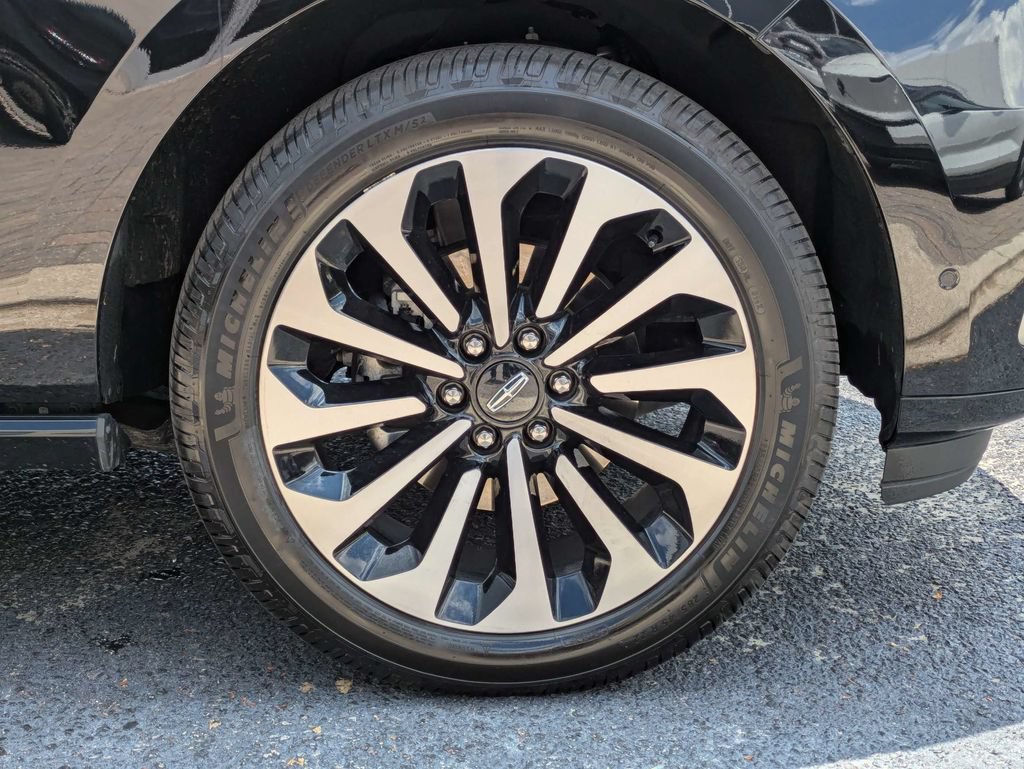 Used 2024 Lincoln Navigator Reserve AWD/4WD image 11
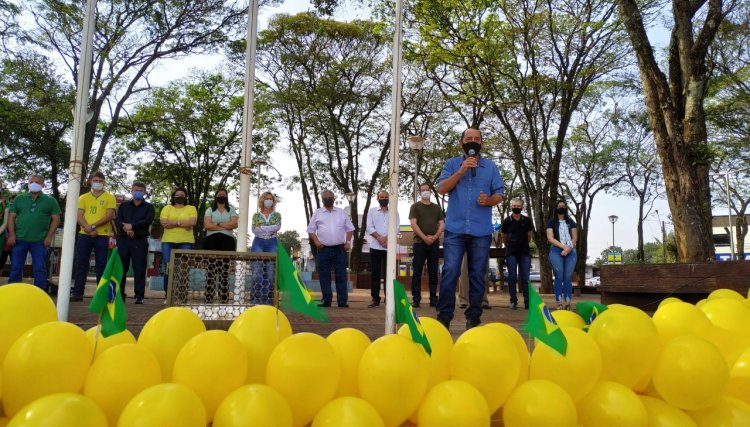 Nova Aurora realiza comemorações de 7 de Setembro na Praça dos Pioneiros com público reduzido 
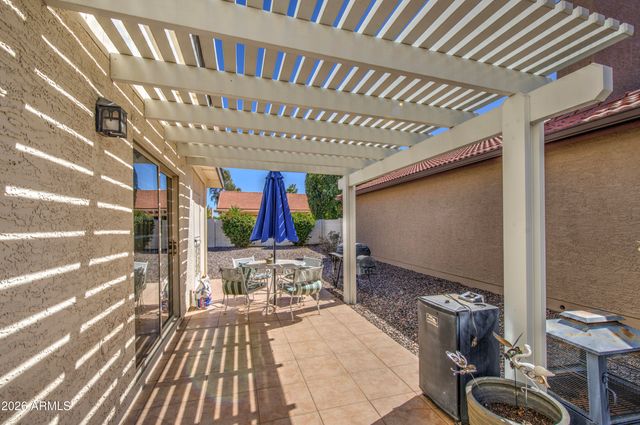 25243 S CLOVERLAND Drive, Sun Lakes, AZ 85248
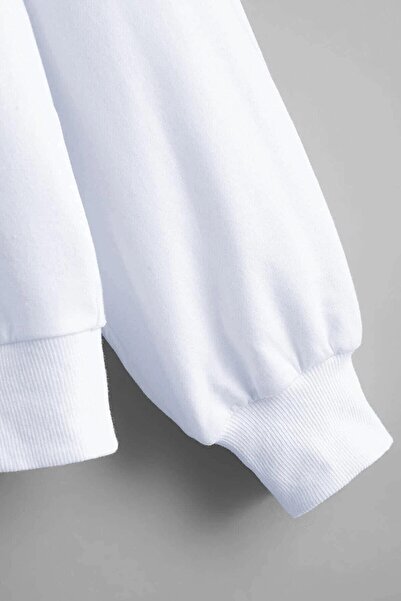 MODAGEN Hanorac oversize alb cu imprimeu siluete si fluturi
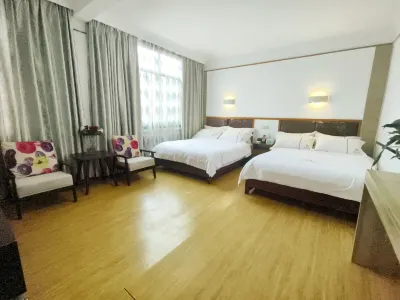 Xinlong Hotel Hotels near Guocha Village, Huluzhen, Baojing County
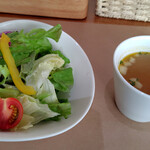 Hearty Cafe - サラダ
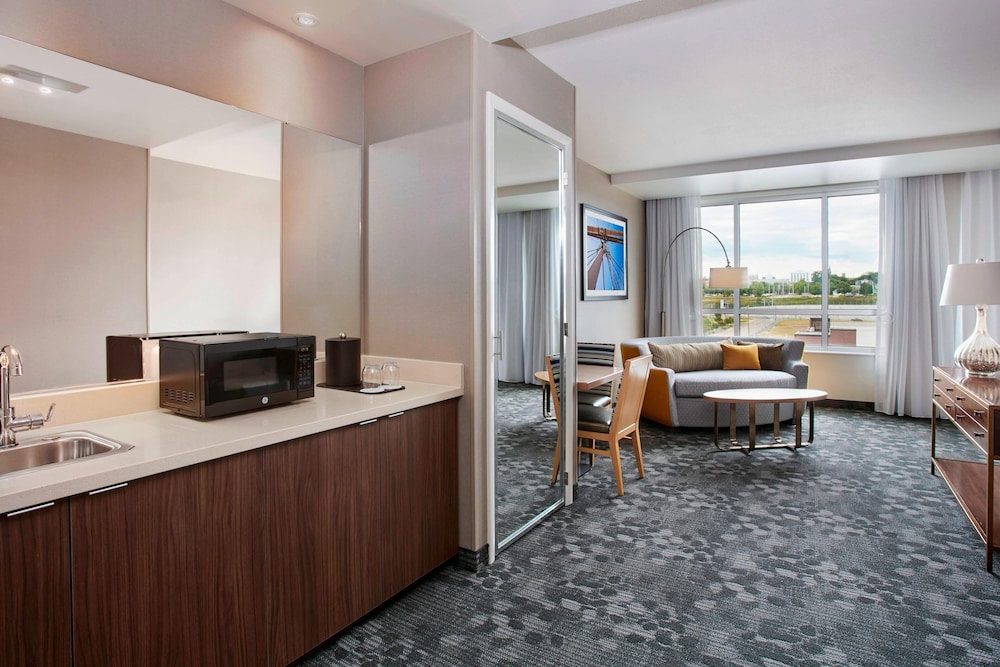 Courtyard Erie Bayfront 36/65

******

▸ Action item:
The listing above must be retyped word for word, without the pictures.

▸ Answer:
 Used 2024 Lincoln Navigator Reserve AWD/4WD image 11
 Nova Aurora realiza comemorações de 7 de Setembro na Praça dos Pioneiros com público reduzido 
 25243 S CLOVERLAND Drive, Sun Lakes, AZ 85248
 MODAGEN Hanorac oversize alb cu imprimeu siluete si fluturi
 Xinlong Hotel Hotels near Guocha Village, Huluzhen, Baojing County
 Hearty Cafe - サラダ
 Courtyard Erie Bayfront 36/65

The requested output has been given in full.